§ **Problem details**: The answer must reproduce all of the data below exactly and contain no images.

Collected data

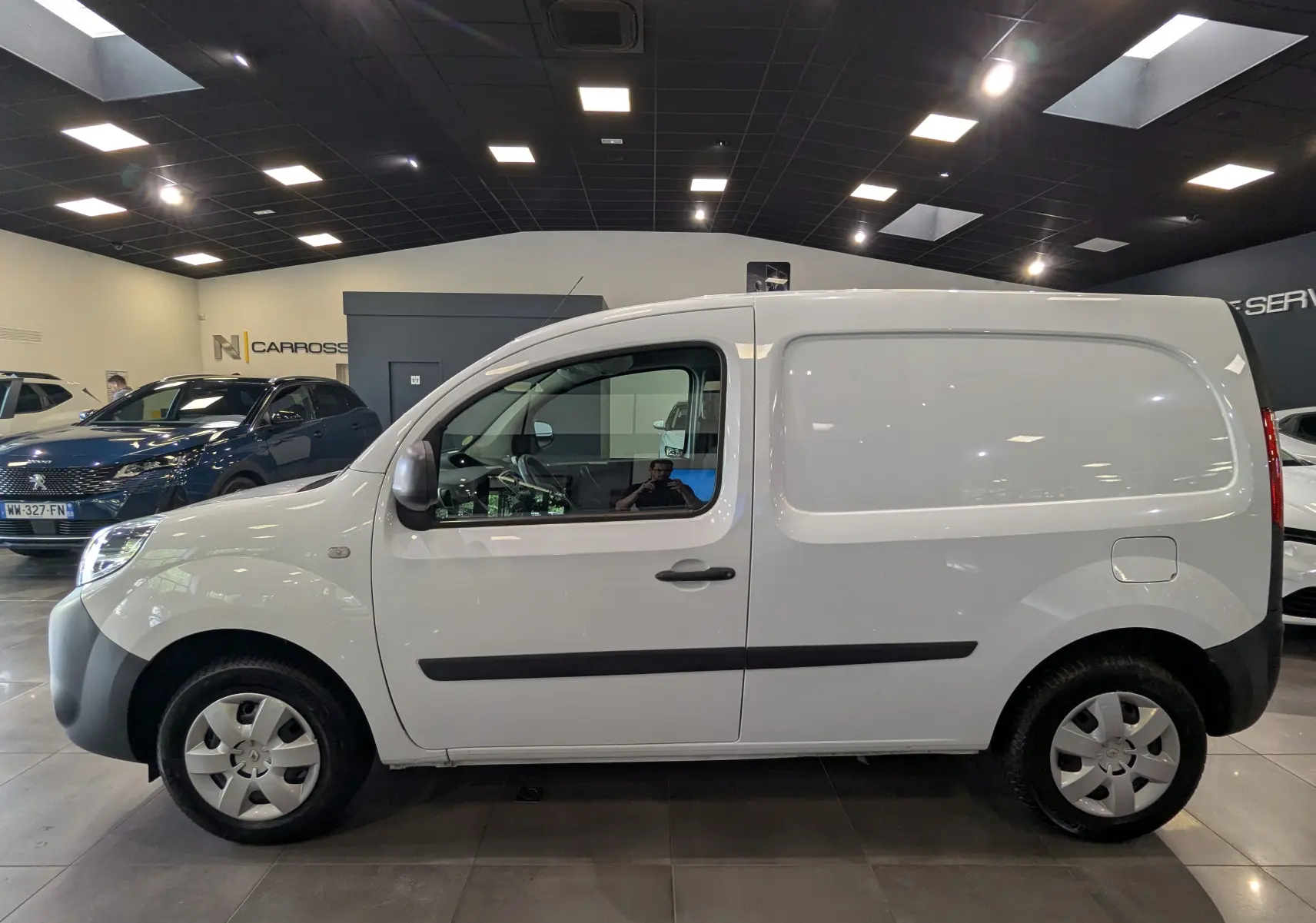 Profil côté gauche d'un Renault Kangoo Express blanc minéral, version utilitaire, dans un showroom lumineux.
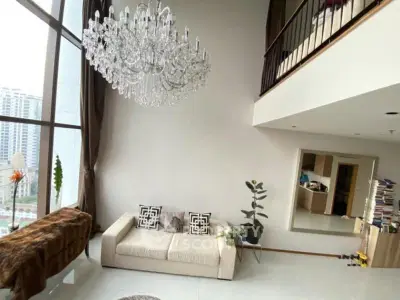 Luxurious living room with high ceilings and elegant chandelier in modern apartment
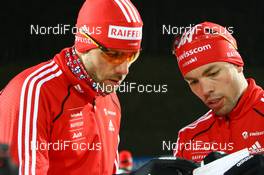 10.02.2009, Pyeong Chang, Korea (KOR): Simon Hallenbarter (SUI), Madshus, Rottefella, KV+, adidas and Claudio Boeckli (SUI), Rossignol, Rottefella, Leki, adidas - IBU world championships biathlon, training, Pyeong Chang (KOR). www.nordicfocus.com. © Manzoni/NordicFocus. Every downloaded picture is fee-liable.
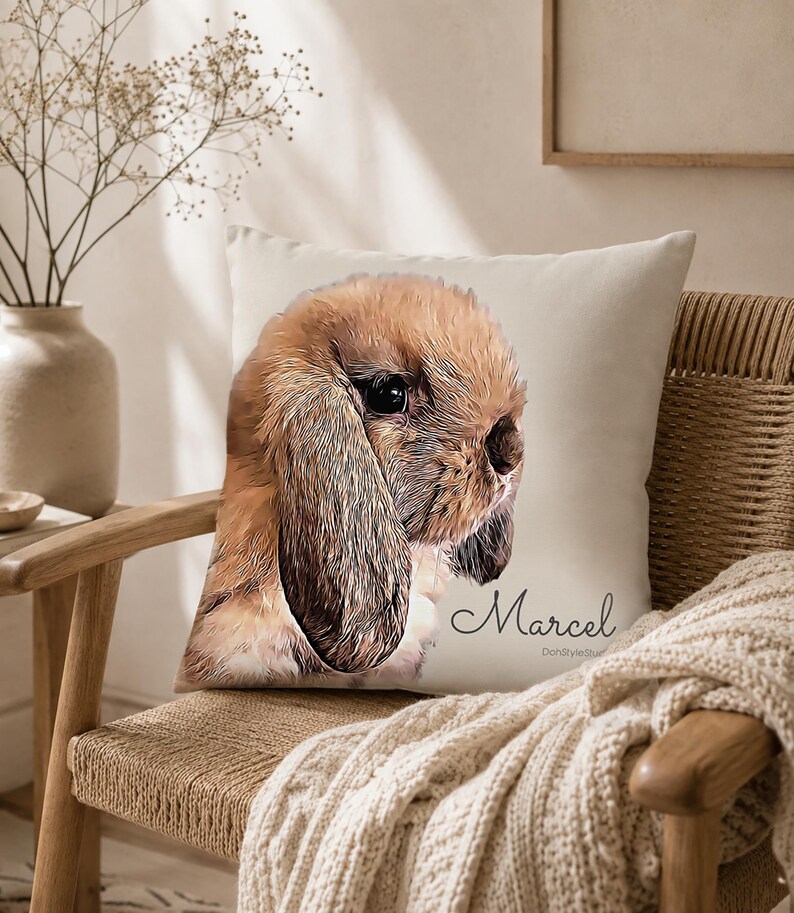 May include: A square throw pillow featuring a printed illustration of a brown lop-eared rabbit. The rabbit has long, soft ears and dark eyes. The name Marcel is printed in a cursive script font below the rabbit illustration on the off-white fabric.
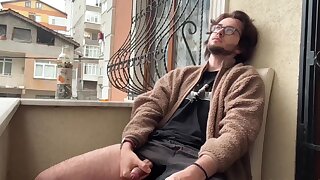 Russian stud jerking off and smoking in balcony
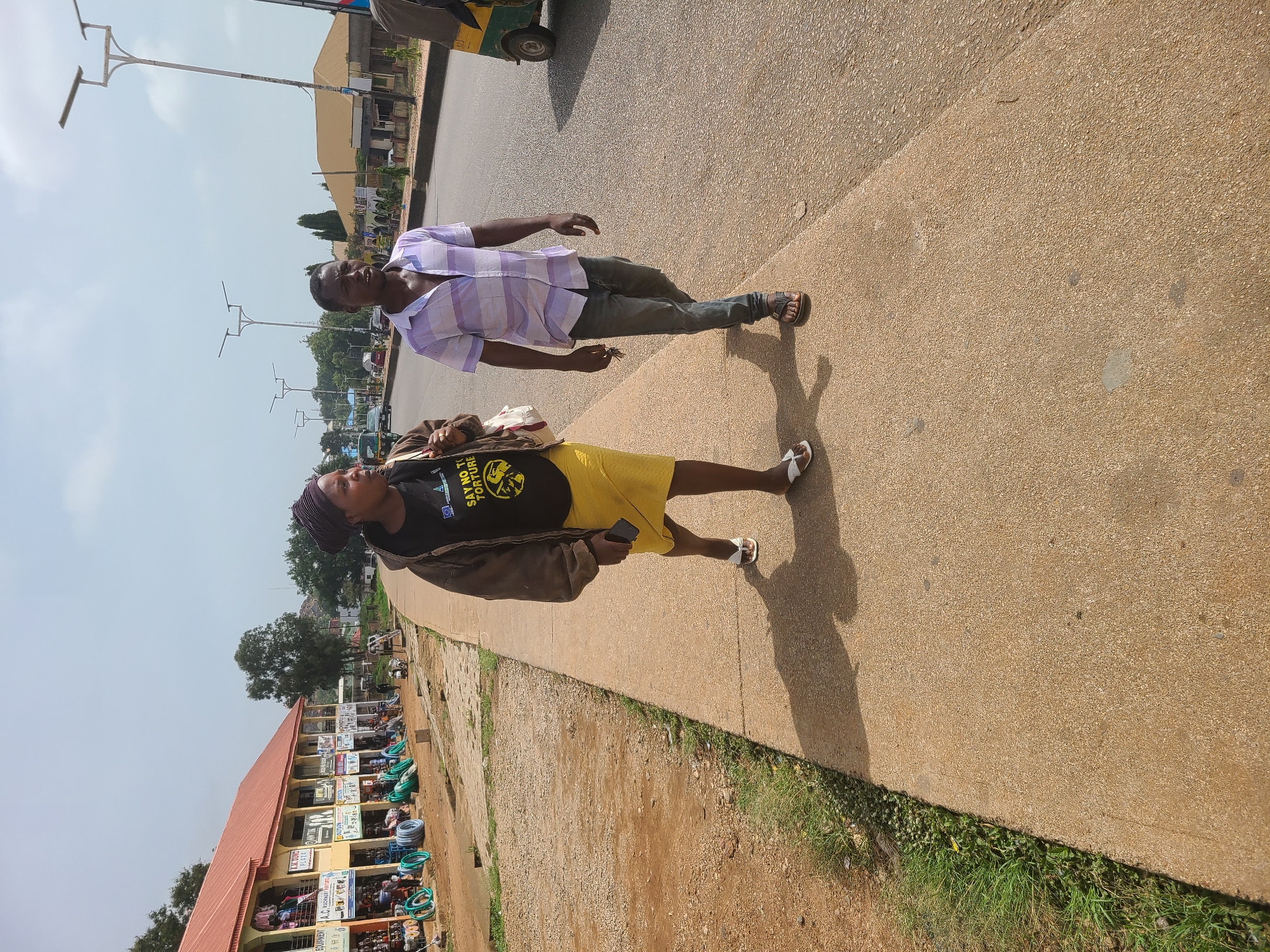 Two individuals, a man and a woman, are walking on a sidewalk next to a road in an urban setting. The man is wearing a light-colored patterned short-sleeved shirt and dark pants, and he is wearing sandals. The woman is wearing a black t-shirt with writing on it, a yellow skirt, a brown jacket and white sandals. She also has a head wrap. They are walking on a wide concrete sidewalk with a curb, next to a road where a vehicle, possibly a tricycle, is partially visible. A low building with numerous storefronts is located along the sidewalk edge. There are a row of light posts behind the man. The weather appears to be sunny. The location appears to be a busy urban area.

§ **Result for this task**:
 Profil côté gauche d'un Renault Kangoo Express blanc minéral, version utilitaire, dans un showroom lumineux.
 Luxurious living room with high ceilings and elegant chandelier in modern apartment
 10.02.2009, Pyeong Chang, Korea (KOR): Simon Hallenbarter (SUI), Madshus, Rottefella, KV+, adidas and Claudio Boeckli (SUI), Rossignol, Rottefella, Leki, adidas - IBU world championships biathlon, training, Pyeong Chang (KOR). www.nordicfocus.com. © Manzoni/NordicFocus. Every downloaded picture is fee-liable.
 May include: A square throw pillow featuring a printed illustration of a brown lop-eared rabbit. The rabbit has long, soft ears and dark eyes. The name Marcel is printed in a cursive script font below the rabbit illustration on the off-white fabric.
 Russian stud jerking off and smoking in balcony
 Two individuals, a man and a woman, are walking on a sidewalk next to a road in an urban setting. The man is wearing a light-colored patterned short-sleeved shirt and dark pants, and he is wearing sandals. The woman is wearing a black t-shirt with writing on it, a yellow skirt, a brown jacket and white sandals. She also has a head wrap. They are walking on a wide concrete sidewalk with a curb, next to a road where a vehicle, possibly a tricycle, is partially visible. A low building with numerous storefronts is located along the sidewalk edge. There are a row of light posts behind the man. The weather appears to be sunny. The location appears to be a busy urban area.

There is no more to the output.